| title | author | geometry | ||
|---|---|---|---|---|
README |
|
margin=1in |
This repository contains the code and synthetic data used to produce the results for the paper Multilabel Proportion Prediction and Out-of-Distribution Detection on Gamma Spectra of Short-Lived Fission Products.
This work was performed by employees of Sandia National Laboratories and funded by the U.S. Department of Energy, National Nuclear Security Administration, Office of Defense Nuclear Nonproliferation Research and Development (DNN R&D).
Sandia National Laboratories is a multimission laboratory managed and operated by National Technology & Engineering Solutions of Sandia, LLC, a wholly owned subsidiary of Honeywell International Inc., for the U.S. Department of Energy's National Nuclear Security Administration under contract DE-NA0003525.
Contributions from C. Scott were supported in part by the National Science Foundation under award 2008074, and by the Department of Defense, Defense Threat Reduction Agency under award HDTRA1-20-2-0002.
This directory contains the code used to generate data, models, and results.
It also contains the initial data files necessary to generate the synthetic training/testing data, as well as the best models found the in the paper.
There is a requirements.txt file which contains a list of the necessary packages you will need to install in your Python environment (tested with Python 3.9.6 on macOS Ventura and Red Hat Linux 7.9).
pip install -r requirements.txtThe code files we intend for you to run begin with "step#" where "#" indicates the execution order.

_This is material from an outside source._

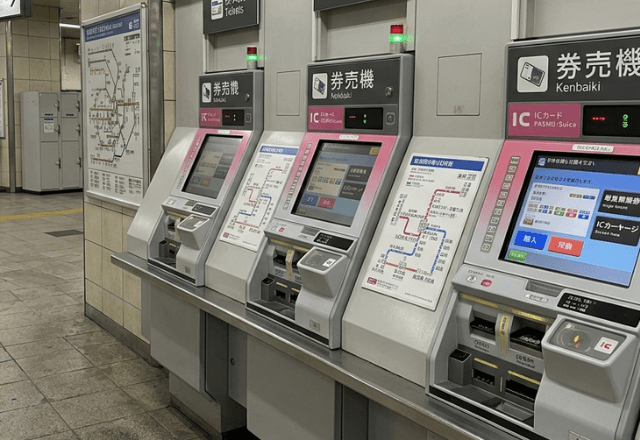 駅で…「切符が買えない」と焦る高齢男性を助けた私。数日後⇒私の【人生が激変した】衝撃のワケ─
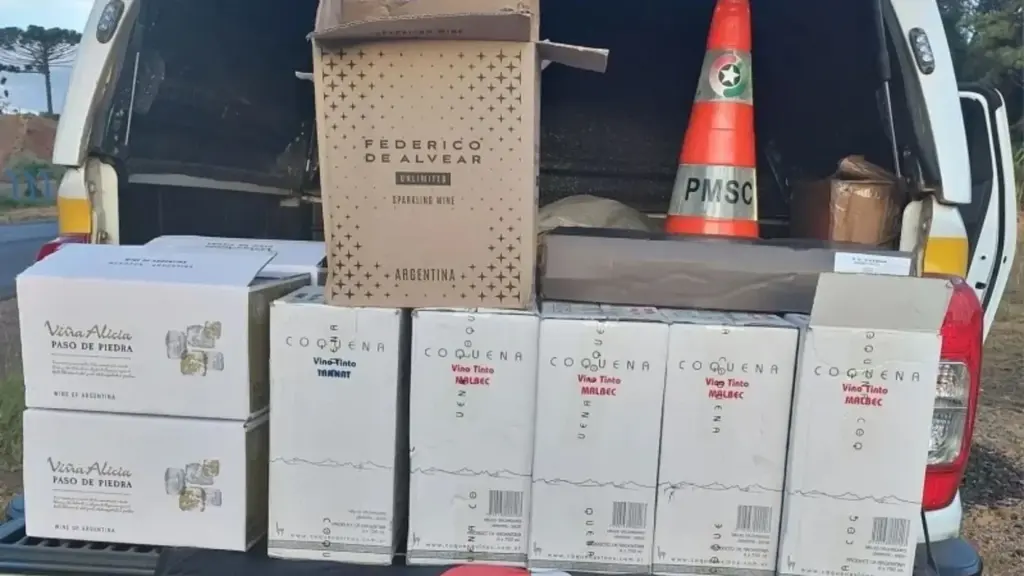 Polícia Rodoviária apreende quase 100 garrafas de bebidas contrabandeadas em Caçador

Doc-strings in each code file describe their purpose.
The final results are generated in Jupyter notebooks which use the data and models to produce results.
The config.py file is referenced by all steps and centralizes nearly all critical parameters.
Also note that the following steps require access to a Weights & Biases developer platform [1]:
code/step3_run_hp_sweep.pycode/step5_find_best_model.ipynb
Skip these steps if you do not have access to such an instance.
By default, the code assumes you do not have a W&B instance, which enables you to run step 4 locally and at least train a model.
However, a W&B instance is one requirement for fully recreating the study results.
If you do have a W&B instance, make sure to configure the MODEL_USE_WANDB, MODEL_WANDB_HOST, MODEL_WANDB_PROJECT parameters in config.py.
Also, you can choose to either evaluate local models (which you either trained locally or downloaded from Weights & Biases) or automatically download models from Weights & Biases to evaluate.
This is controlled via the EVAL_USE_LOCAL parameter in code/config.py.
The initial values you find in config.py are for the best models found in our study and described in the paper.
However, if you choose to automatically download models from a Weights & Biases run, be sure to fill in the path to each run in the EVAL_WANDB_BEST_MODELS parameter.
This directory contains the synthetic seed files obtained via GADRAS injects which are used to generate all the synthetic data for the paper.
code/data/U-235_th_FALCON_11MIN_bg_seeds.h5contains signatures for K, U, Th, and cosmic radiation which were used to generate representative background mixtures.code/data/U-235_th_FALCON_11MIN_fg_seeds.h5contains signatures for all the fission products identified in the SME analysis of our target spectrum.code/data/U-235_th_FALCON_11MIN_ood_seeds.h5contains signatures for Ce134, Cs137, and Mo99 which were used to simulate out-of-distribution (OOD) sources.
All seed files were obtained via inject with GADRAS 19.2.3 using a detector response function (DRF) based on a Falcon 5000 detector.
In order to obtain access to the measured data from PNNL, readers will have to reach out to the authors of [3].
Once obtained, place the data in data/pnnl/ preserving the original file structure.
Next, you will need to convert all .n42 files to .pcf.
You can process an entire directory structure in this way on the command line using Cambio [3].
Note: do not have the .pcf files output to a separate directory, leave them next to the existing .n42 files (read cambio --help for more).
This directory is the destination for any trained model. If you do not want to perform synthesis and train a model, we have included the pre-trained "best" models from the paper (one for each unsupervised loss function) which were used to generate the final results. The model file is in the Open Neural Network Exchange (ONNX) format and is accompanied by a JSON file providing additional, describing metadata [4]. If you are re-running the experiment, note that this folder is where models are output, so you will see many more appear.
The ONNX file will require the ONNX runtime to load and execute; it is primarily a binary file of sorts and not meant to be viewed. Its accompanying JSON file can be viewed by your text editor of choice.
If you do not use Weights and Biases, then the directory code/runs will be created and will locally store all the trained ONNX models along with associated run files.
If you use Weights and Biases, models will be stored on the cloud by default.
At a high level, the code represents the following process to conduct the study outlined in our paper.
- The provided foreground and background seeds are randomly mixed in PyRIID using the
SeedMixer. - The mixed seeds where used to generate noisy gamma spectrum which vary in terms of signal-to-noise ratio using the PyRIID
StaticSynthesizer. - Training data from the previous step was then used to fit many models. Note that training consisted of hyperparameter tuning which looked for optimal parameters, and then a final step which trained an "optimal" model.
- With a model found, the test data was then used in several notebooks to generate the final results, mainly plots.